I have to say, though, that I’m still skeptical that Congress will even get an authorization bill out this year, regardless of what the Gray Lady says. The House has yet to speak, and they have to reconcile in conference. And I think that on the south side of the Hill, Dana Rohrabacher may have some influence on doing something sensible. Gabby Giffords wants to save Ares/Orion, but that’s not in the cards, and I think there’s a good chance that they won’t be able to compromise with the Senate. I don’t think that there will be any serious space policy making until next calendar year, when the new Congress comes in (very likely a Republican House). We have to be doing battleground preparation for that now.

[Update early afternoon]

Clark Lindsey has the budget numbers:

As you can see for 2010, Space Shuttle took up about a third of that $10B. Now that it has slipped into 2011, that category rises from about a billion back to around three billion. There will be about four billion for the HLV, Orion, commercial cargo, commercial crew, flagship technology demos, etc. (There are some HSF related tech projects in the Space Technology category (pdf).) If the Senate forces a full scale HLV and Orion programs, that leaves nothing much for those initiatives that will lead to lower cost spaceflight for NASA in the future.

And remember, these are just authorizers. Even if they want to up the budget, they can’t — that happens in appropriations, and that number is already pretty much set. So if they persist in this, all they’re doing is eating the seed corn, and locking us into continued high costs, and no progress, for years.

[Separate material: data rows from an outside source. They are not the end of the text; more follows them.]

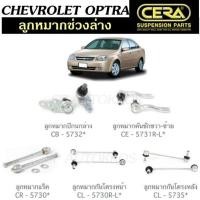ราคา CERA ลูกหมากช่วงล่าง OPTRA ลูกหมากปีกนกล่าง ลูกหมากคันชัก ลูกหมากแร็ค ลุกหมากกันโคลงหน้า กันโคลงหลัง S (50457219629)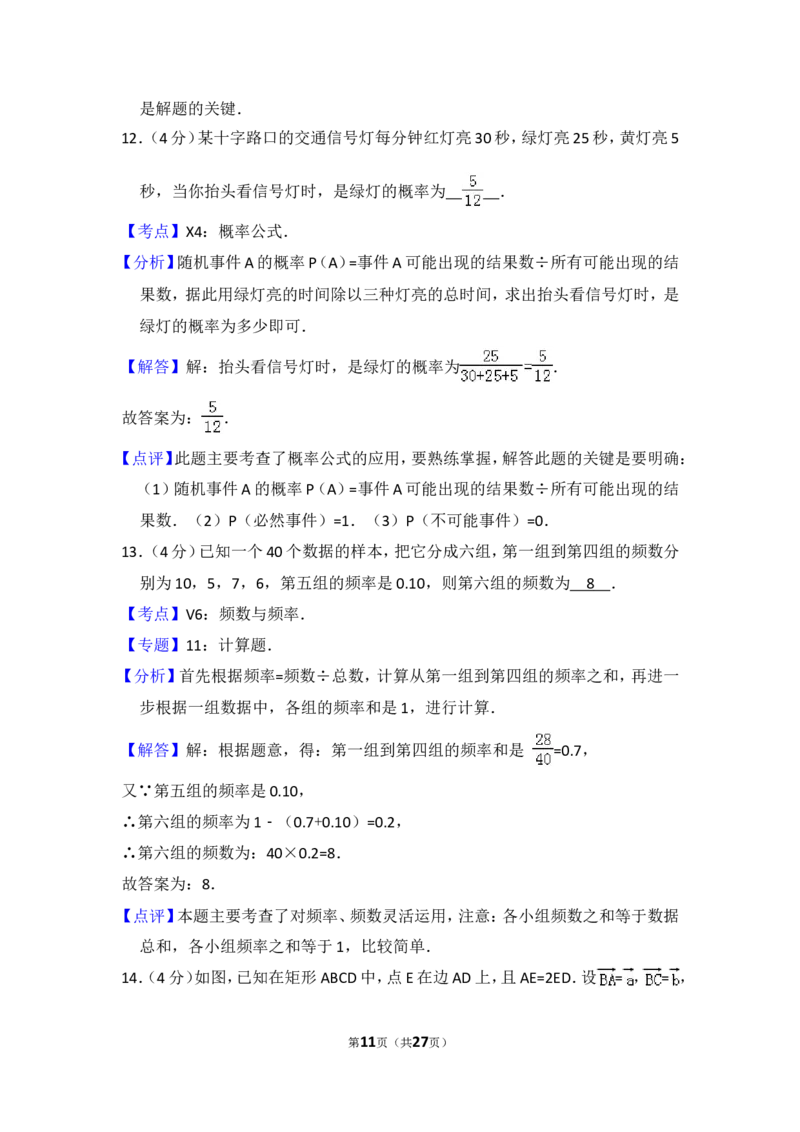 2018年上海市闵行区中考数学二模试卷_0122026上海中考一模二模真题试卷_2025-2012年_2.上海中考数学一模二模（12-24）_二模_2018年上海市中考数学二模试卷（16份）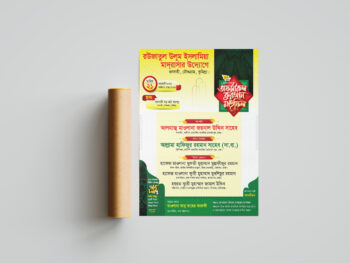 ওয়াজ মাহফিল পোস্টার ডিজাইন ফোর কালার-4 color Waj Mahfil Poster Design - Shorif Art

[Update a few minutes later]

Jeff Foust has more on the Senate authorization activity. As “Major Tom” points out in comments, those hoping for a Restoration don’t realize how weak authorization committees are:

he devil is in the details. I doubt the authorization language would require any real programmatic changes to NASA’s FY11 budget. For example, it’s hard to see the authorization bill specifying a particular HLV design or heritage or a particular level of HLV design decision in 2011. In response to authorization language dictating an HLV design decision in 2011, NASA could simply state that the HLV will employ a LOX/kerosene engine and have at least 50mT of lift and leave the level of specificity at that until more informed and detailed decisions can be made in a few years. Similarly, with authorization language dictating a deep space Orion variant, NASA could argue that it is pursuing such a “Block 1″ variant by developing the “Block 0″ CRV. Or use the language as justification to recompete Orion to create something more affordable within the resources provided by the appropriators, who didn’t provide additional funding for Constellation, ESMD, or NASA overall. (The devil is also in the budget.)

Of course, unlike appropriations bills, which combine NASA’s budget with funding for other departments and agencies, it’s easy to derail or veto standalone authorization bills. If the Administration doesn’t like what it sees in the authorization bill, it’s relatively easy for NASA legislative affairs to raise issue after isse until the bill dies in subcommittee or committee, and the appropriators are forced to act. Or for the White House to simply veto the bill outright if it gets that far.

Yup.

Actually, given the incompetence of this administration, I supposed they could get rolled by the Congress. Then I remember that we’re talking about people like Bill Nelson, here.

Et Tu, Cal?

The latest foolishness about the new space policy from an ostensible conservative comes from Cal Thomas. The nonsense begins with almost the opening sentence:

Silly me. I thought America’s unparalleled space program (before the present administration began dismantling it) was a triumph of American ingenuity, technology, vision and boldness.

If you thought that, you weren’t paying attention. There was nothing “ingenious,” “visionary” or “bold” about Constellation and Apollo on Steroids. It was warmed-over technology from decades in the past, and it was obscenely expensive. If it were the only way to do the job, it might have been worth the money, but I don’t think so, even then. The new policy is much more innovative and visionary, and yes, bold, than the old one, regardless of one’s opinion of the president.